*WORK INSTRUCTION*.
The result should be the lines from the one holding "Cutout Picture of" to the final line of the records below, repeated exactly and with no pictures.

########

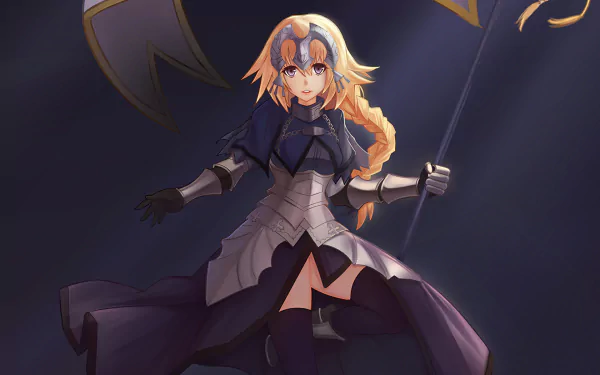 Ruler (Fate/Apocrypha) anime HD PC desktop wallpaper: armored blonde maiden in dark blue battle dress holding a flag, dramatic lighting, background.
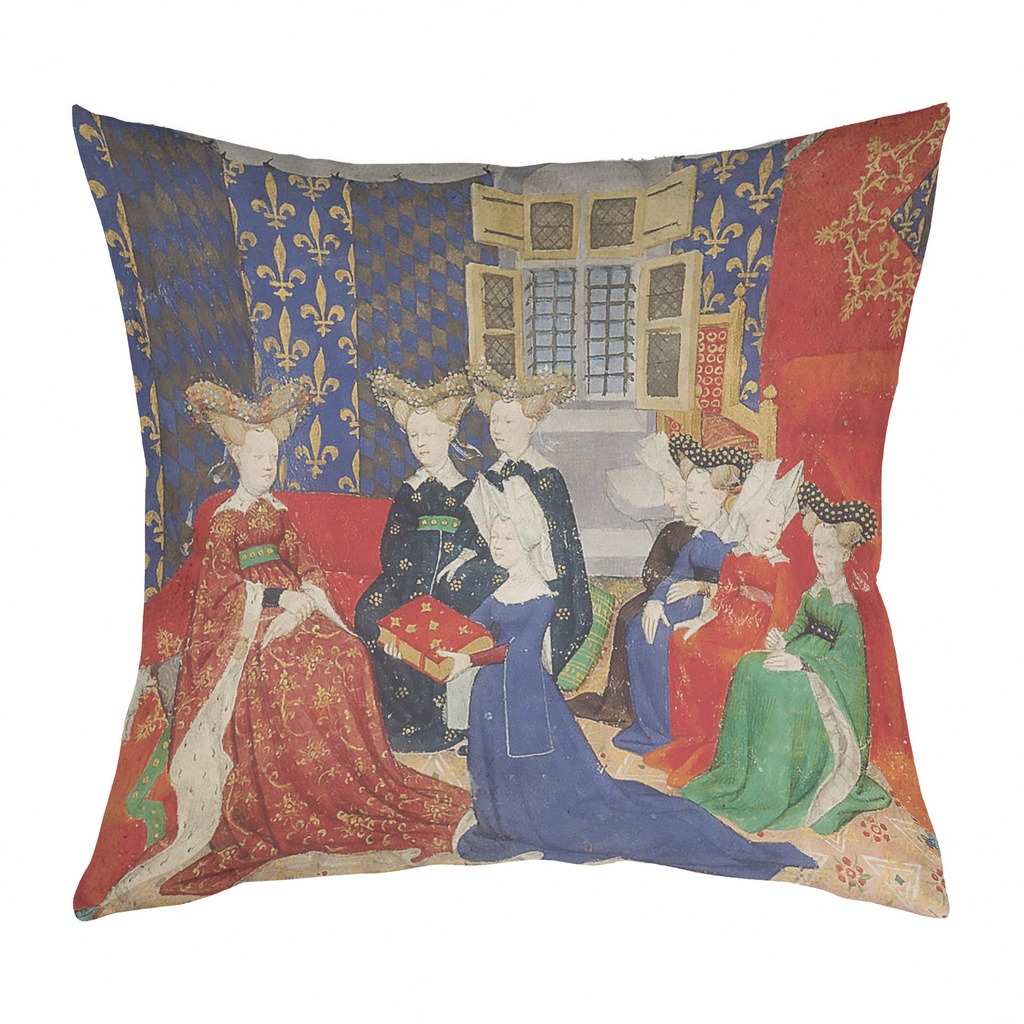 "Christine Pizan - Presentation" 40cm x 40cm Faux Leather Cushion Cover (Antique White)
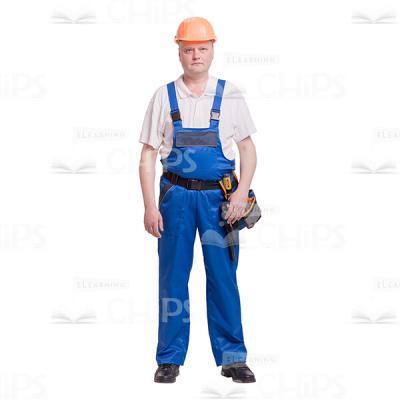 Cutout Picture of Calm Middle-aged Worker in a Hard Hat Looking at the Camera-0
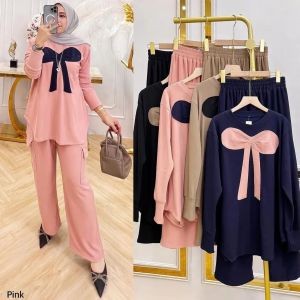 Chalista Set Caramel Knit Fashion Wanita 2in1 Setelan Celana Modis Simple Murah Modern Elegant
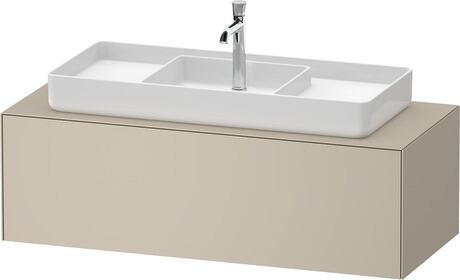 Console vanity unit wall-mounted, WT4977M60607010 taupe Satin Matt, Lacquer, Interior lighting: Integrated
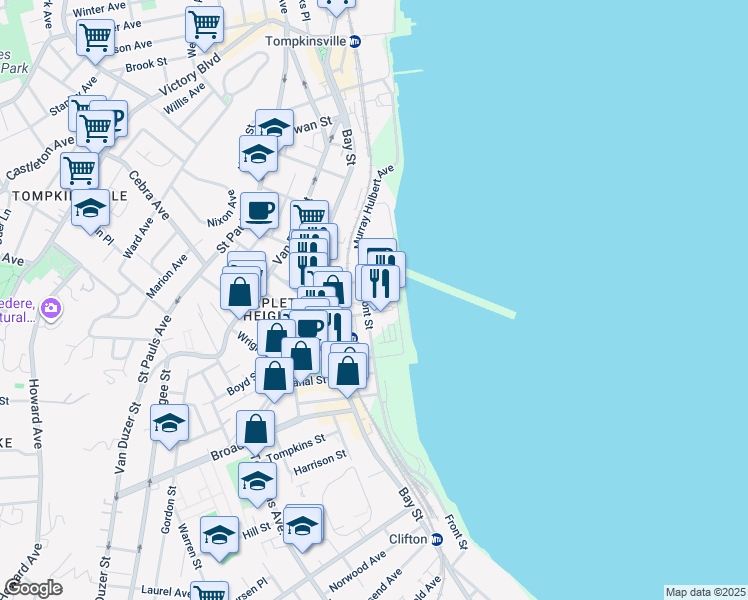 map of restaurants, bars, coffee shops, grocery stores, and more near 7 Navy Pier Court in Staten Island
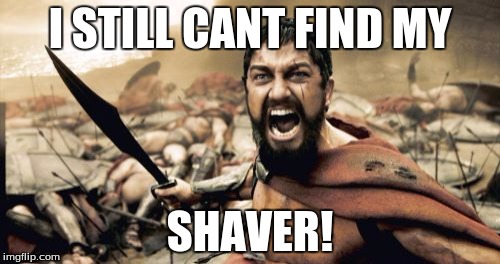 Sparta Leonidas | I STILL CANT FIND MY; SHAVER! | image tagged in memes,sparta leonidas | made w/ Imgflip meme maker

########

*WORKED SOLUTION*.
 Cutout Picture of Calm Middle-aged Worker in a Hard Hat Looking at the Camera-0
 Chalista Set Caramel Knit Fashion Wanita 2in1 Setelan Celana Modis Simple Murah Modern Elegant
 Console vanity unit wall-mounted, WT4977M60607010 taupe Satin Matt, Lacquer, Interior lighting: Integrated
 map of restaurants, bars, coffee shops, grocery stores, and more near 7 Navy Pier Court in Staten Island
 Sparta Leonidas | I STILL CANT FIND MY; SHAVER! | image tagged in memes,sparta leonidas | made w/ Imgflip meme maker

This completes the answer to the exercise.